Pero si entonces sumaba conocimientos hoy con prisa
los resto. Los olvido. Cada vez más profundo en este océano de misterio, pasé
por todas las etapas de aprendizaje de mi infancia. Olvidé sumar, olvidé
vestirme, olvidé hablar. Olvidé quién era. Ya muy cerca del fondo, en ese lugar
impenetrable para la mente lúcida, volví a comer con los dedos, dejé de correr,
de caminar; caí y ya no supe levantarme.
Hoy floto en un líquido oscuro y espeso. Las voces,
los ruidos y los golpes se filtran a través de esta sustancia. Llegan en forma
de ligeras perturbaciones a mi murmullo interior. Otro lenguaje, otras sensaciones.
Chispazos e interferencias que me alcanzan... ¡Desde otro mundo!
Ahora que no me preocupo de nada, que esta sustancia
amniótica me alimenta y que no necesito pensar, he encontrado un nuevo estado
mental. En él no queda sitio para el temor, para los altibajos de mis
emociones. El paraíso donde no existe el sufrimiento ni la pena.
Somos un etéreo dispersándose en un éter. Fundiéndose
mi energía con todo el universo. Vuelvo al polvo y las estrellas.
¡Ahhh!... cuando todos se van
cuando nadie me habla y atosiga, disfruto de la
calma total.
Sé que no pueden entenderlo. Que para ellos soy su
mayor sufrimiento porque acabaré en un despojo inmóvil, lleno de llagas. Que
sentirán lástima por mí; y también asco, no me engañan.
Sin embargo, todo lo comprendo. Y esto es porque a
todos he olvidado, porque he conseguido borrarlos de mi pensamiento: ya no
pienso y nada entiendo. No es necesario.
He vuelto al universo fetal y, por fin, mi mente ya
no es parte de mi cuerpo. Nada duele pues nada siento. Cada día es un paseo por
el fondo, nada veo porque el mundo me es ajeno.

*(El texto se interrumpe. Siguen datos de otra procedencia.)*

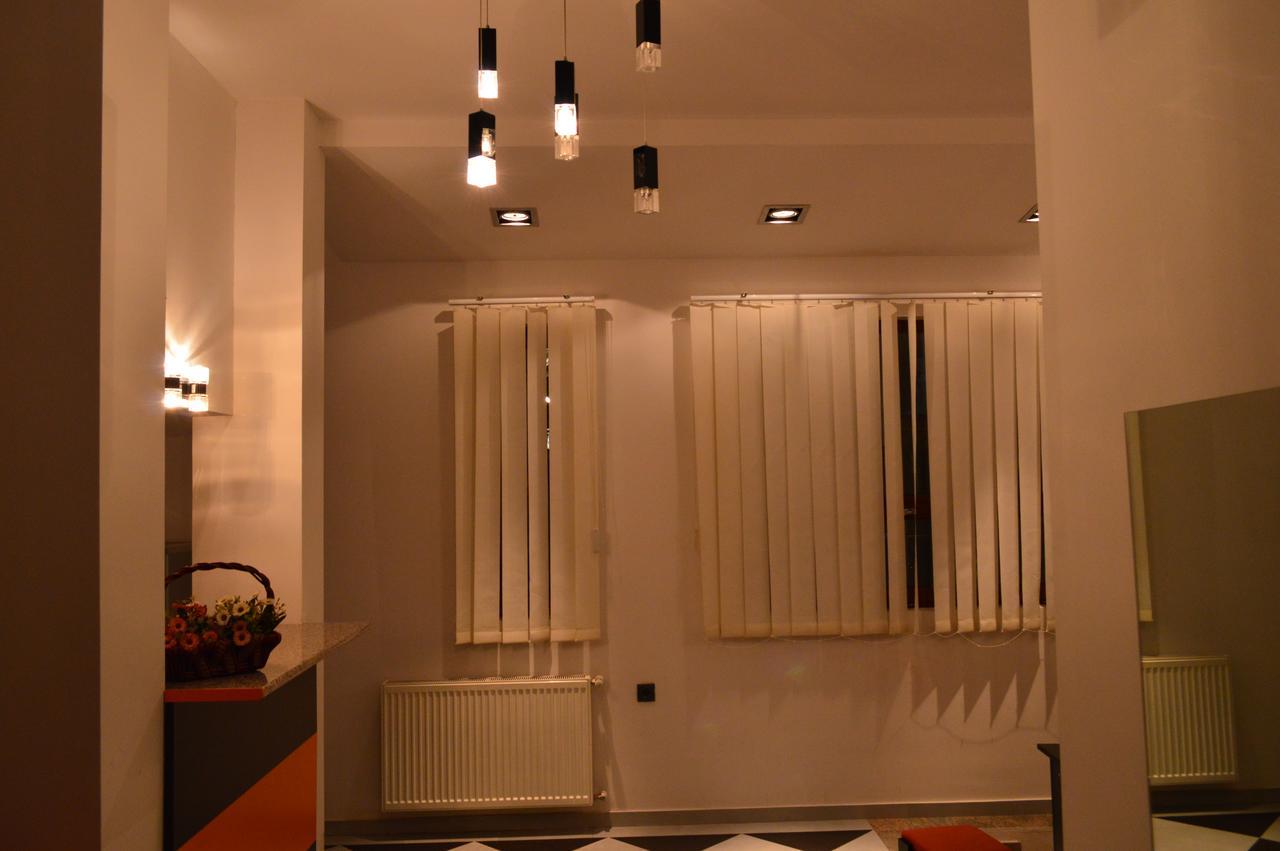 Deluxe Apartment Tbilisi Bagian luar foto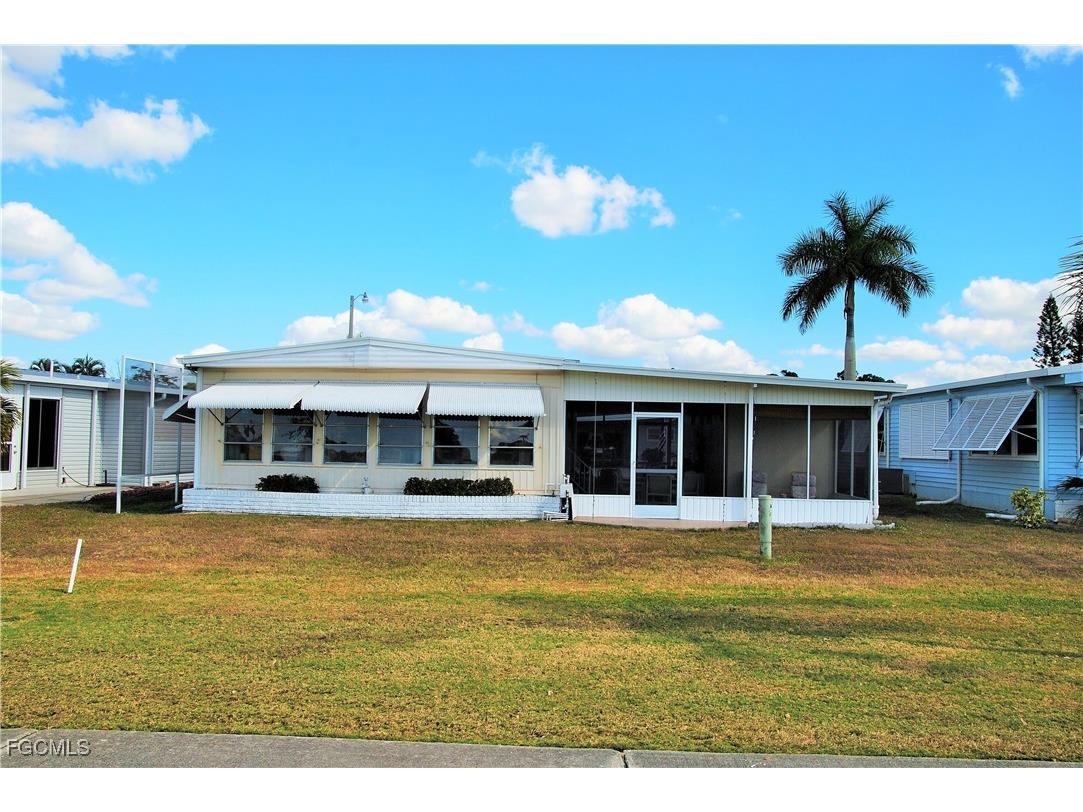 189 Nicklaus Boulevard North Fort Myers FL 33903 2026004635 image13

En cambio, ellos, quisieran sentir esta dicha. Aquí
no hay fraude, no hay engaños.
No hay miedo, no hay tristezas, no hay heridas. No
hay fracasos, no hay envidias.
Ya no sangro y mi alma ha dejado de sufrir. La
felicidad perpetua es el olvido.
Allá arriba, en el mundo, quedan de mí un carnet de
identidad y unos enseres: inútiles objetos que delatan lo que fui y cómo viví. Sumarias
pertenencias de quien fue breve.
En mi condena está mi triunfo: prescindir de lo que
soy y lo que no. No preguntar para qué estoy aquí, para cuánto tiempo y para
quién.
Sin compromisos.
Libertad.
Esta soledad es absoluta, es la más grande. En ella
hasta yo me he abandonado.
Me he desprendido de mi ser y mis angustias. Por
nada volvería a ser lo que fui:
una persona.
Y en este camino por el túnel voy dando con todas
las respuestas. Y las grandes preguntas caen una a una:
Que el sentido de la vida.... es ignorarla.
Que la familia te quiere cuando puede. Prueba desde
lejos.
Que los hijos los tuve por el egoísmo de tenerlos, y
el mismo favor hoy me es devuelto.
Que es la mayor de todas las falacias el amor.
Que la felicidad siempre está en un doble fondo.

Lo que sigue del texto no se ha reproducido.